Ever wonder why there are five different species of Pacific salmon — six if you count steelhead — and only one species of Atlantic salmon? It turns out it is because the wild West Coast has been a much more dynamic place to bring up a species.

Genera Salmo, (Atlantic salmon and brown trout) diverged from genera Onchorhynchus (Pacific salmon, steelhead, and western trouts) 15 to 20 million years ago, as the Arctic Ocean began to cool.

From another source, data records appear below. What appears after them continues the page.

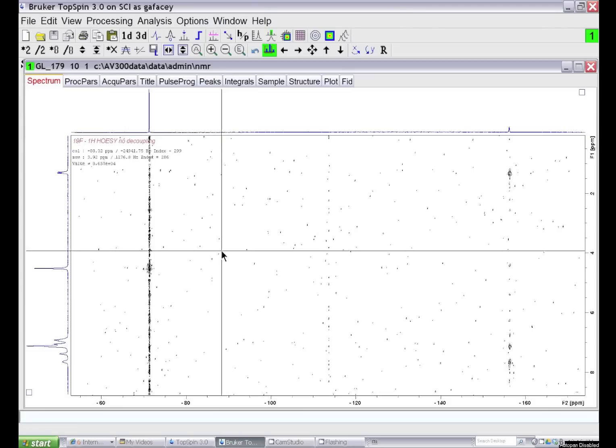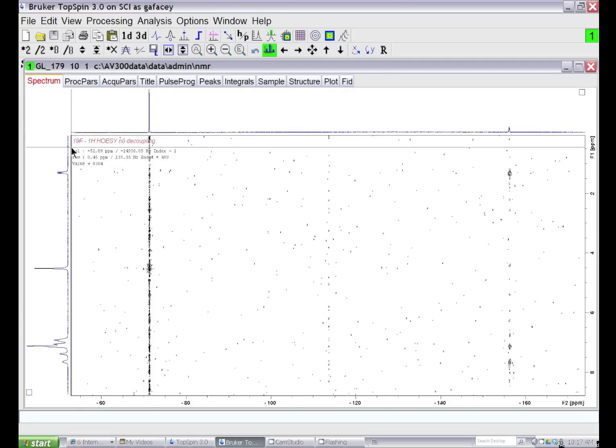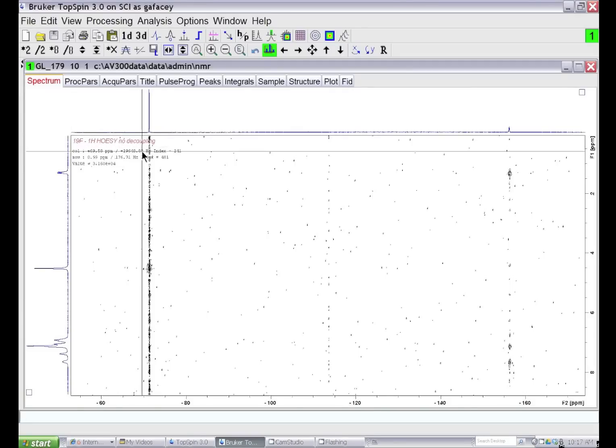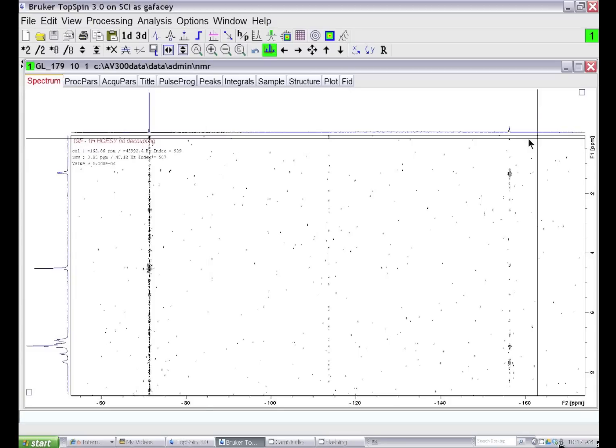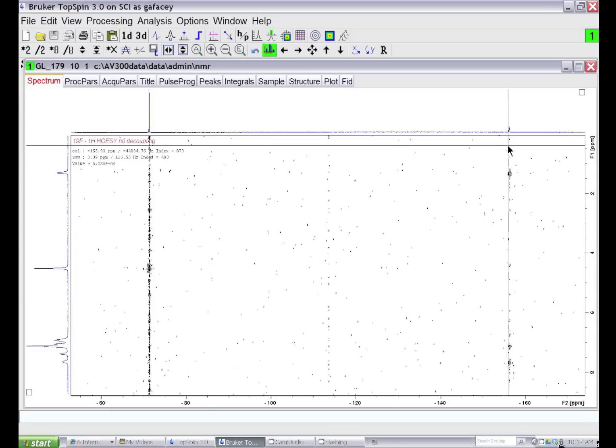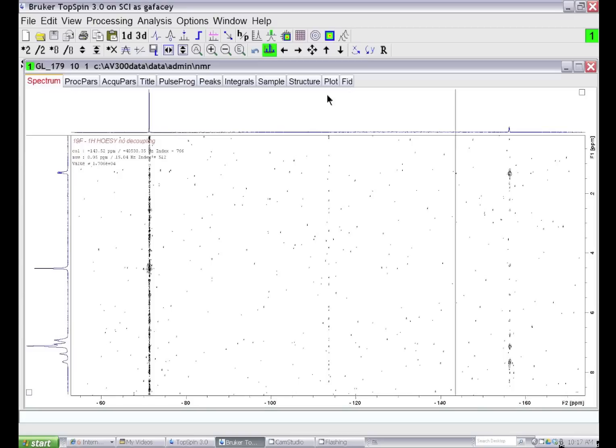I'd like to show you how to remove unwanted T1 noise from a heteronuclear two-dimensional NMR dataset. This kind of noise is typically present in HMBC spectra, or in this case, a fluorine-proton HOESY NMR spectrum. You can see the T1 noise stripes associated with each of the fluorine signals. I want to clean up this noise and make a more presentable dataset.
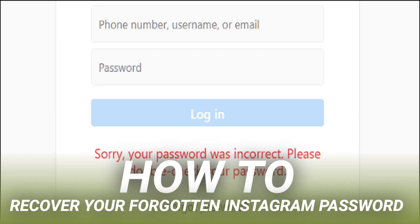After passing the security check, click the reset password button. An email message will be sent to the address on file that includes a link to reset your password.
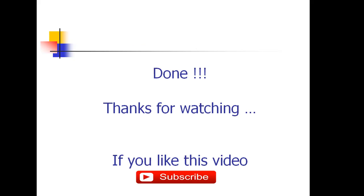That's it guys, thanks for watching. If you like this video please do subscribe to my channel. Thank you.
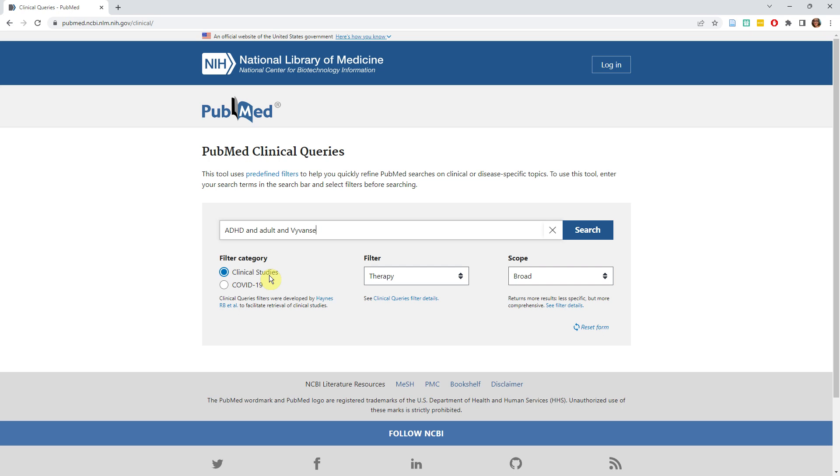Next, you can choose a filter. We will use therapy, but for other questions you could choose clinical prediction guides, diagnosis, etiology, or prognosis.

Salmon are genetically nimble. An evolutionary event about 80 million years ago essentially doubled the proto salmon’s DNA, allowing them to adapt to changing environments more quickly, and protecting them against localized inbreeding. But Atlantic salmon have not diversified much. That’s because on the east side of our continent things have been geologically stable, relatively speaking, for the past 70 million years.

The western salmon, on the other hand, have faced a far more dynamic environment. Forty million years ago the region that is now the Washington Cascade Mountains was a wide coastal plain. Between 6 million and 17 million years ago basaltic volcanic eruptions flowed like molten rivers across the central Columbia River basin. Tectonic forces lifted up the Cascade, Pacific, and Coast mountain ranges. And the Pacific Northwest endured at least four major ice ages starting about 1.8 million years ago.